» **Task brief**
Begin at the line containing "Prompt: joe biden" in the data below and go on through the line containing "Classic USGS Iris", repeating each line exactly; include both ends and no other line.

Data extracted from a collection
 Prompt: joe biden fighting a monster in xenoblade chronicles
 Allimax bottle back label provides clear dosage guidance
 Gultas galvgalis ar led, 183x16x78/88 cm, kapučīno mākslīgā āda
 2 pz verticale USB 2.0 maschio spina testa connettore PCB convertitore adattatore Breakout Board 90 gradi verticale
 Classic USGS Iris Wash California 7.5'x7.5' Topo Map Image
* * *
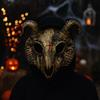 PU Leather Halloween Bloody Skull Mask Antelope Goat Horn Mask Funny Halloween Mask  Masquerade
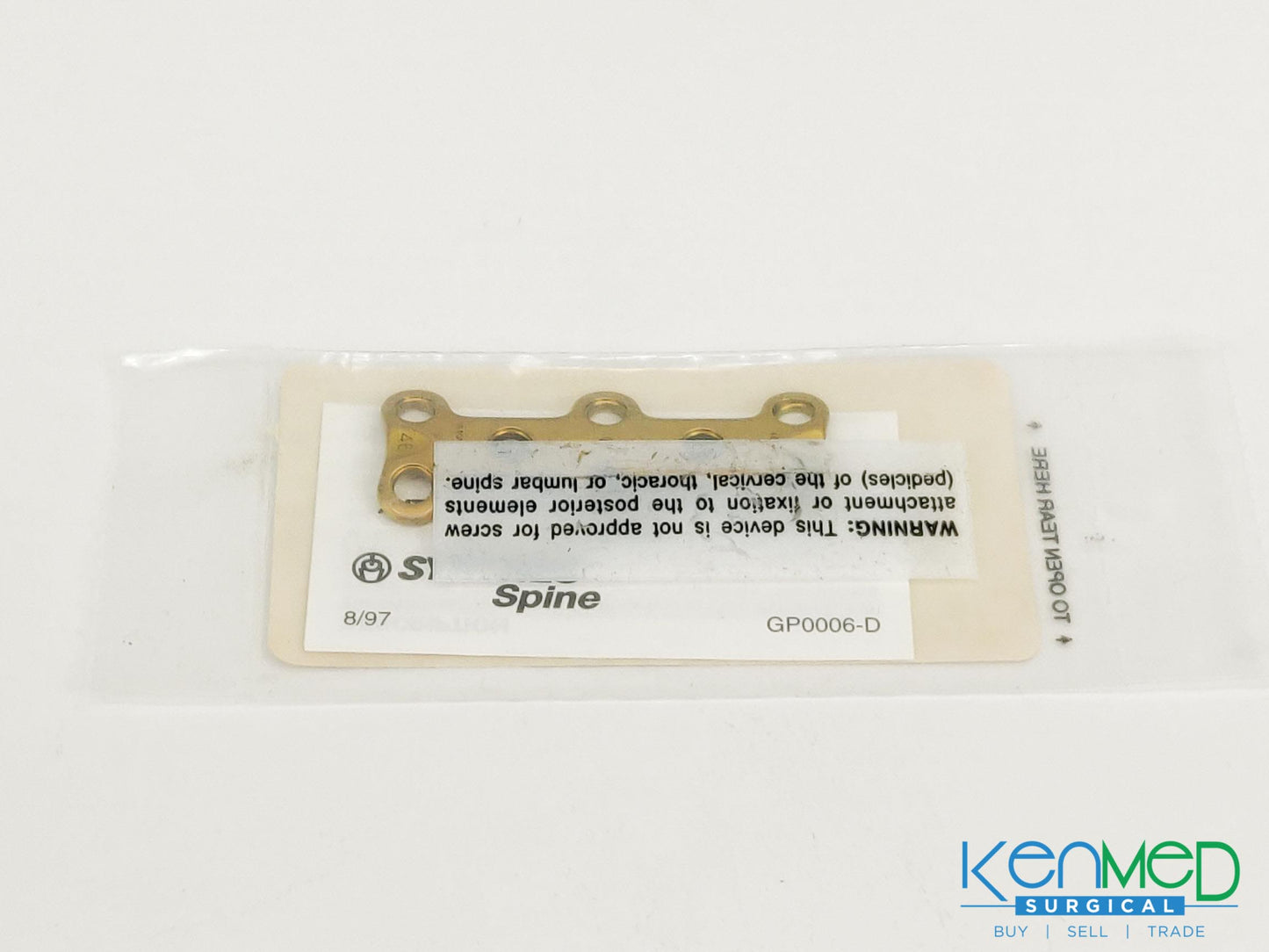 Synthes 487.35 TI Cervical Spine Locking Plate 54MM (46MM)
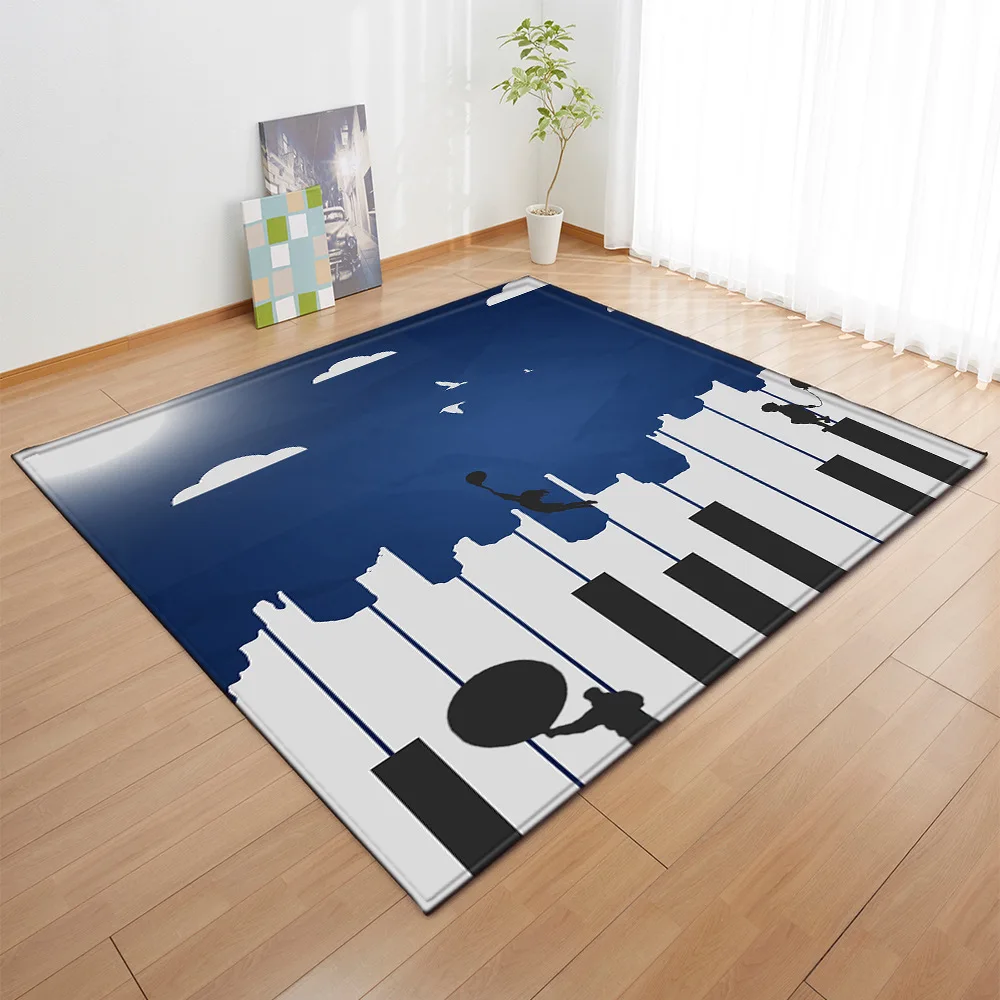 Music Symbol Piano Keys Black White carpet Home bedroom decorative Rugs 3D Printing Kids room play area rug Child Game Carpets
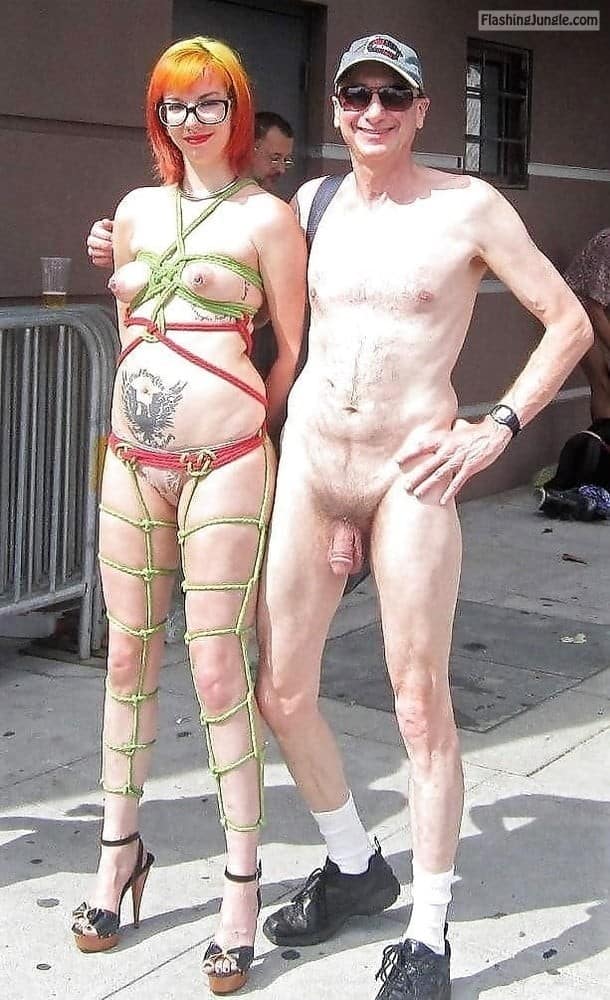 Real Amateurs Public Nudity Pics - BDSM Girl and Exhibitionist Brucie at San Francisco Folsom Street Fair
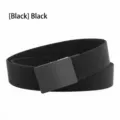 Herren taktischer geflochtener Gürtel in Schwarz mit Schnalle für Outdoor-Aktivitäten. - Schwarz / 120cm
...
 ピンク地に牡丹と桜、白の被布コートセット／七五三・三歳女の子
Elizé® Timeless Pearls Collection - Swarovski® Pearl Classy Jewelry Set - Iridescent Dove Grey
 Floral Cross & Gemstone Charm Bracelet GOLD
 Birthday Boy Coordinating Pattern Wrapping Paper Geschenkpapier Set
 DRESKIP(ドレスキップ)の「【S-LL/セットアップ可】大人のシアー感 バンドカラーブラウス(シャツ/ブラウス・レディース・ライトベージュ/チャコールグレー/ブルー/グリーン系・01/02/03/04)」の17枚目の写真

» **Answer for this exercise**
 Prompt: joe biden fighting a monster in xenoblade chronicles
 Allimax bottle back label provides clear dosage guidance
 Gultas galvgalis ar led, 183x16x78/88 cm, kapučīno mākslīgā āda
 2 pz verticale USB 2.0 maschio spina testa connettore PCB convertitore adattatore Breakout Board 90 gradi verticale
 Classic USGS Iris Wash California 7.5'x7.5' Topo Map Image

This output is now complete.